## About this exercise
Extract, word for word, each line from the line holding "2025 BMW 5 SERIES photo 1" through the end of the records. Omit every picture.

(Short text fragments from websites)
_ _ _
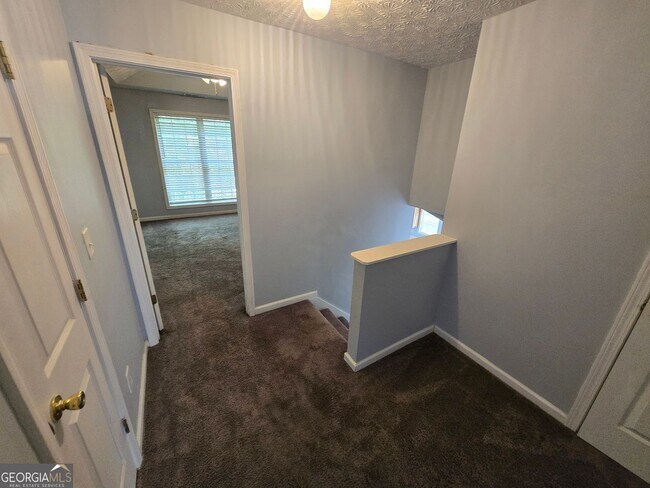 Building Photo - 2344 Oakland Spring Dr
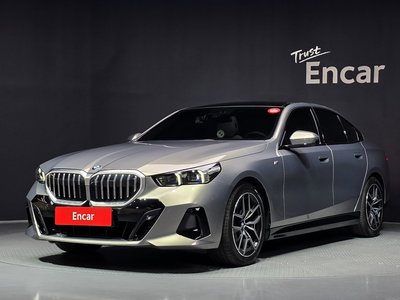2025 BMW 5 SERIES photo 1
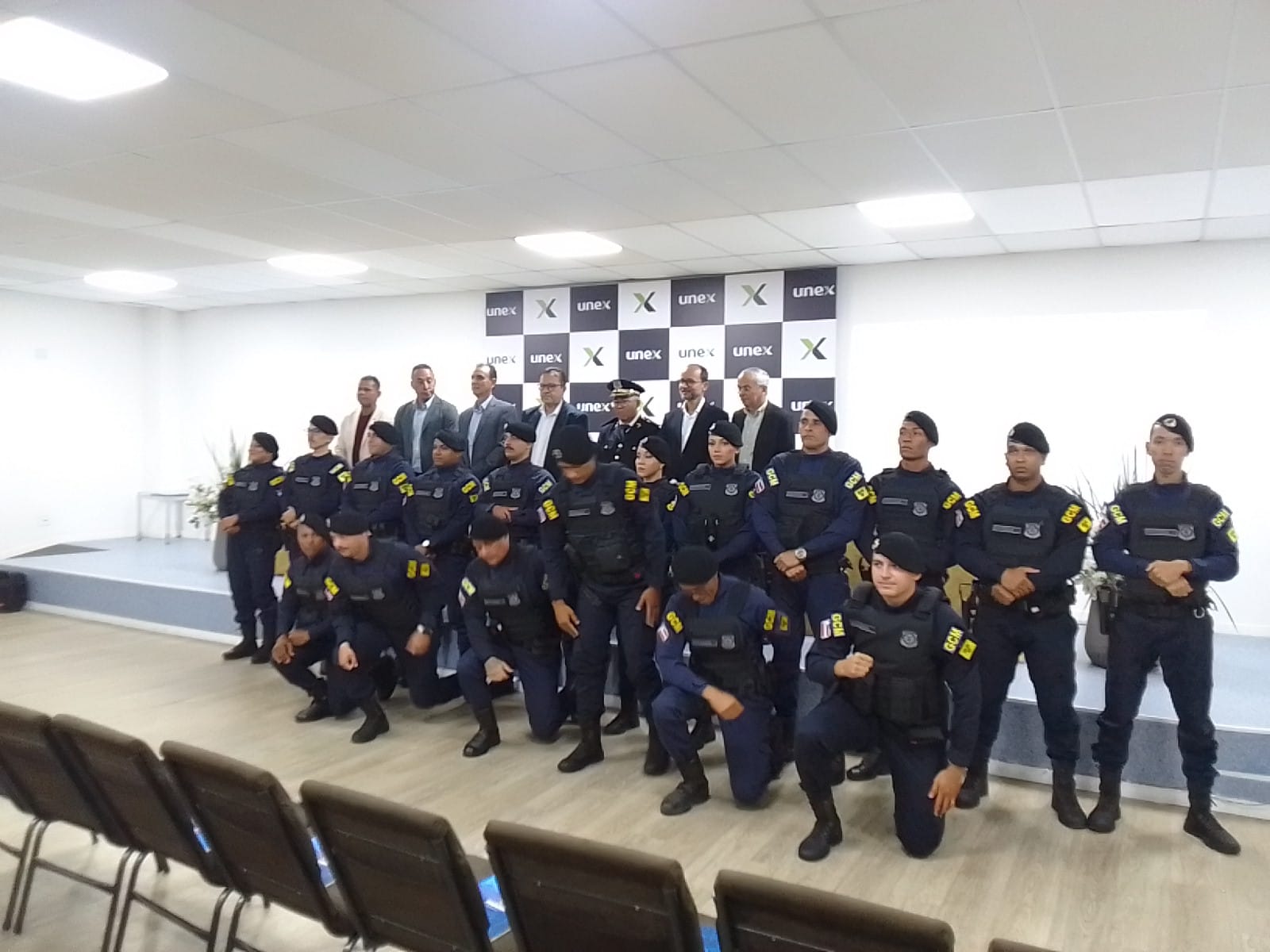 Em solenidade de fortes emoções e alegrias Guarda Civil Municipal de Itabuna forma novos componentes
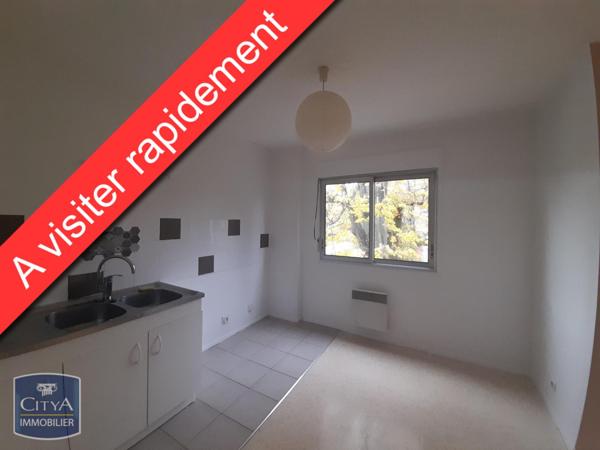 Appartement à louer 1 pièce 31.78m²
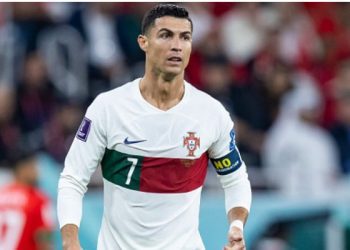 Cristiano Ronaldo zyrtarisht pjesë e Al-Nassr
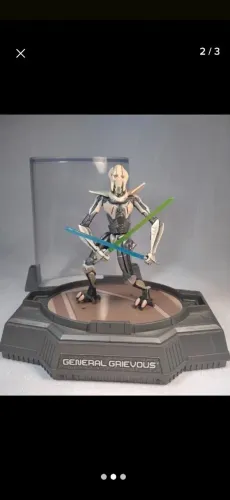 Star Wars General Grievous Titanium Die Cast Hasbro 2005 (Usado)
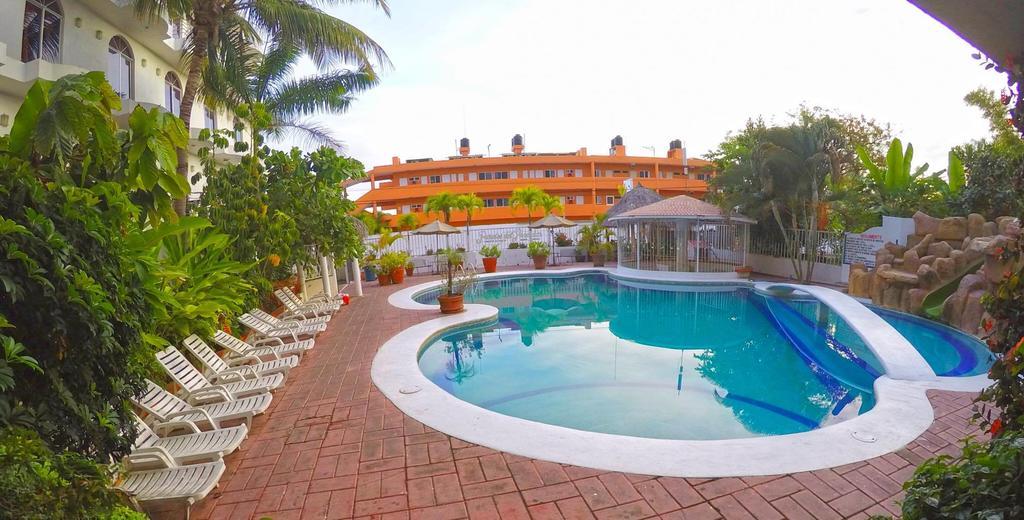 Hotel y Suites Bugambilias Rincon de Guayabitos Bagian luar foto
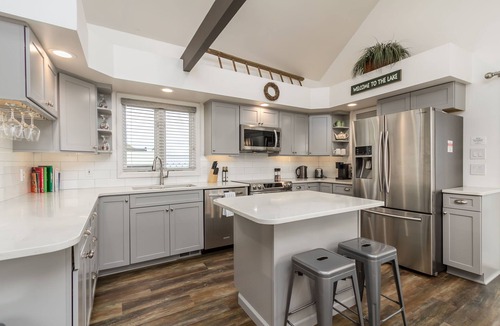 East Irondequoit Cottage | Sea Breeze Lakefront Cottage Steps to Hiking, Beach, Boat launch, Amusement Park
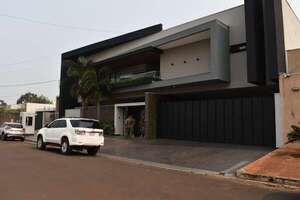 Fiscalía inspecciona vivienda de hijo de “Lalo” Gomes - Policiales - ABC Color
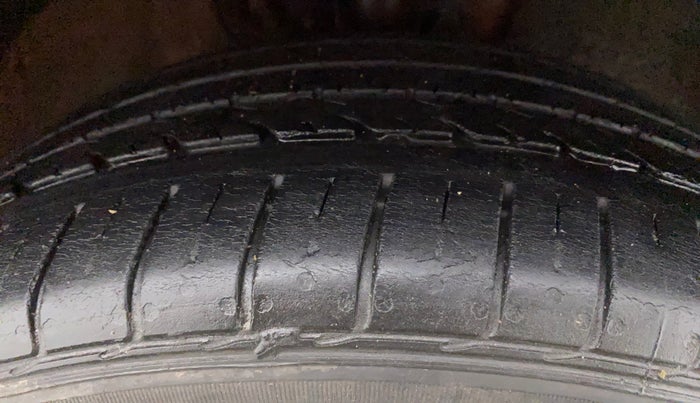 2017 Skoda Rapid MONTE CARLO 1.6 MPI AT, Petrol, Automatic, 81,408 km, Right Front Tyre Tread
_ _ _
## Exercise response
2025 BMW 5 SERIES photo 1
 Em solenidade de fortes emoções e alegrias Guarda Civil Municipal de Itabuna forma novos componentes
 Appartement à louer 1 pièce 31.78m²
 Cristiano Ronaldo zyrtarisht pjesë e Al-Nassr
 Star Wars General Grievous Titanium Die Cast Hasbro 2005 (Usado)
 Hotel y Suites Bugambilias Rincon de Guayabitos Bagian luar foto
 East Irondequoit Cottage | Sea Breeze Lakefront Cottage Steps to Hiking, Beach, Boat launch, Amusement Park
 Fiscalía inspecciona vivienda de hijo de “Lalo” Gomes - Policiales - ABC Color
 2017 Skoda Rapid MONTE CARLO 1.6 MPI AT, Petrol, Automatic, 81,408 km, Right Front Tyre Tread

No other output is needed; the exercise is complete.